On the Bistrothèque menu: Heirloom tomatoes, fennel, capers, green olive and mustard oil. Photography: Parker Blain

One such venue is Bistrothèque inside Darlinghurst’s historic The Strand hotel, which reopened in late September following a refurbishment that transformed the pub’s main bar into a “a wine-bar-meets-French-bistro”, live jazz and all. 

“It’s a late might spot that’s as casual as it is mysterious,” says creative culinary director Clayton Wells. Wells, who is known for spearheading some of Sydney’s best contemporary restaurants—Mod Dining, Momofuku Seiōbo Sydney and Automata among them—has worked in close collaboration with Bistrothèque’s head chef Leigh McDivitt to develop a menu that fuses French classics like steak frites with experimental dishes like roasted whole duck, prune, wild oregano and liquorice. The latter is available on the restaurant’s late night menu, which is served until the restaurant closes at 3am. 
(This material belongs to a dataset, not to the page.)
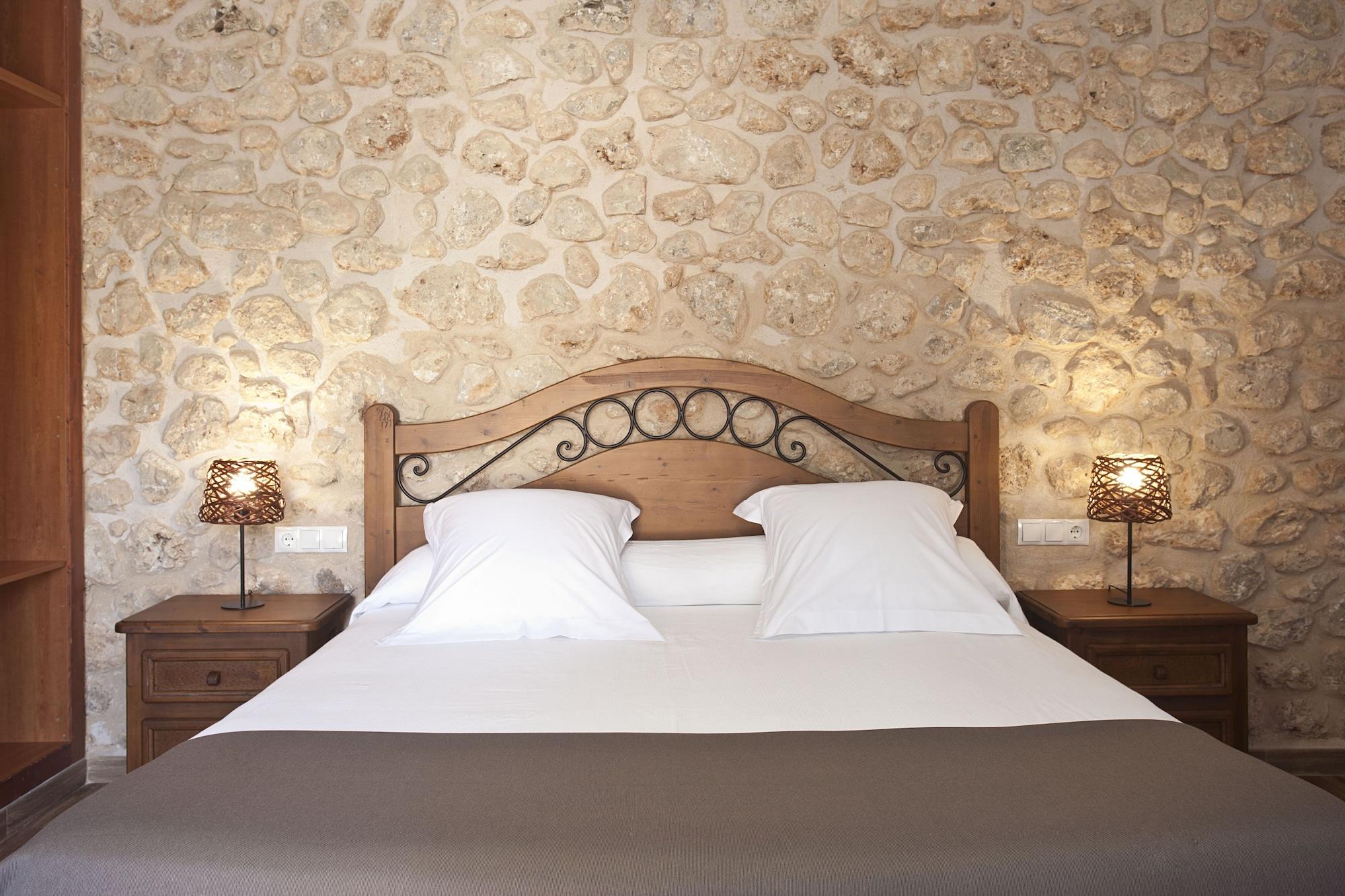 Agroturismo Es Quatre Cantons Бинисалем Экстерьер фото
“If I was to pick one dish to try at Bistrothèque, I’d recommend the whole roasted yellow belly flounder with piment d’espelette and curry leaves. It’s indulgent and rich, so I’d pair it with a bottle of our 2022 Bobar Viognier, Yarra Valley VIC,” recommends Wells. The French onion soup, which is served with an puffy en croute cupping the bowl for dipping, is also delicious. 

Head chef Leigh McDivitt with creative culinary director Clayton Wells. Photography: Parker Blain

On Wednesdays and Fridays there’s live jazz, while every Saturday from 9:30pm until late, The Bistrothèque Soul Quartet, whereby a rotating case of some of the city’s favourite instrument slingers take over. The music and entertainment is curated by hospo veteran turned creative director Ed Loveday of Studio AM:PM.

When reimagining the new Strand, Wells felt strongly about the venue hosting late night sessions such as this. “It’s important to be able to go somewhere that bridges the gap between evening and late night but still offers great food and drinks, he says. “Darlinghurst and William Street in particular are in the thick of where the culinary and late night revival is happening. We want people to think of us when the night isn’t yet over and you’re looking for something to do.” 

Plating up in the restaurant. Photography: Natalie Jurrjens

Bistrothèque isn’t the only Strand space that’s had a facelift. The hotel rooftop has been transformed into a sun-soaked setting with plenty of couches—the type of space you want to relax with a cocktail—designed by the team of experts at Maybe Sammy—as you slip from work into your evening. 

And if you do find yourself downstairs eating frites and sipping on wine until the early moring, there’s always the option to stay upstairs at the Strand Hotel. 

“The challenge exists in ensuring that it’s a culinary concept that is missing in the area,” says Wells of his role as the creative culinary director at Public, the group that owns The Strand. Needless to say, this multi-layered day-to-late-night haunt has achieved precisely that.